Prince,
I'm not denying the food component to commercial fishing. I think it would be awful for the bass to be reduced to living as a farm raised species, effectively extinct in the wild. Merely pointing out that full-time industrial scale striped bass fishing, as an industry, is (for all intents and purposes) dead. No matter what brilliant management plan is created, the commercial industry for stripers isn't going to be revived to it's former glory. That's just fact. Only a tiny handful of commerical fishing companies (mainly muti-generation family businesses) continue the practice. And even then stripers only make up a portion of their yearly revenues.
I have no problem with the commerical rod&reel taging business, with some limits, as suppliment to farm fish. But the realities are that the striper fishery simply can not, and probably never will again, support both wide scale commercial bass fishing as well as recreational fishing. We can debate the reasons why the fishery won't support both and mourn the days gone by, but that is the fact.

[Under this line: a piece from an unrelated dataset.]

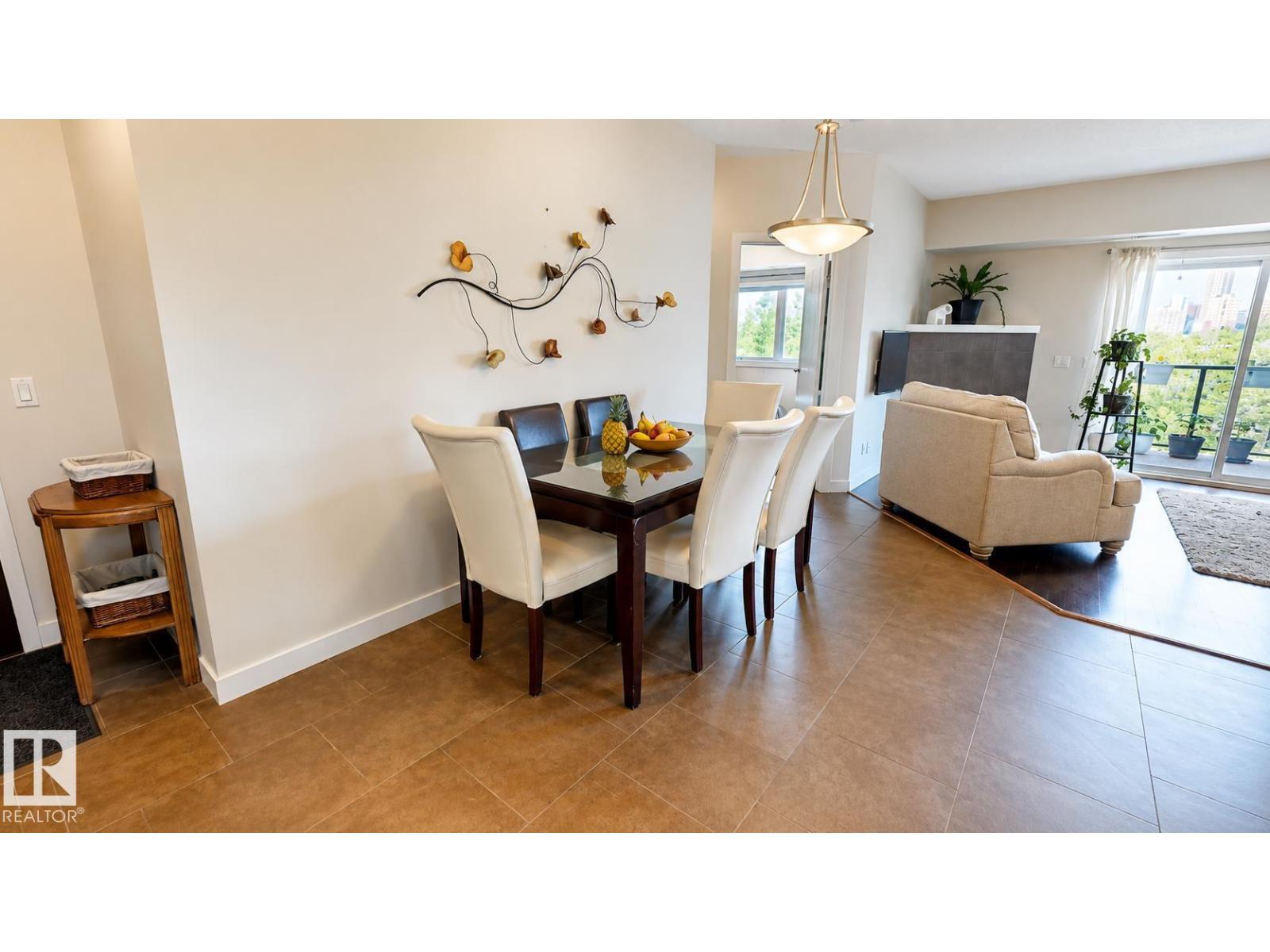 #405 9750 94 ST NW - 3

Now, given the clearly limited resource of the striper, compare the numbers of people employed in the commercial bass industry vs. the recreational industry. I don't mean to reduce someone's livelihood to cold numbers, but the figures speak for themselves. Recreational anglers bring more positive economic value to a community/region/state (both private and public sectors) than the commercial industry.
We are reaching a point where hard choices have to be made. And as often happens with hard choices you can't please both sides. It is simply unwise and blind-sighted to overlook all the sales/revenues the recreational industry generates in favor of an ever shrinking industry.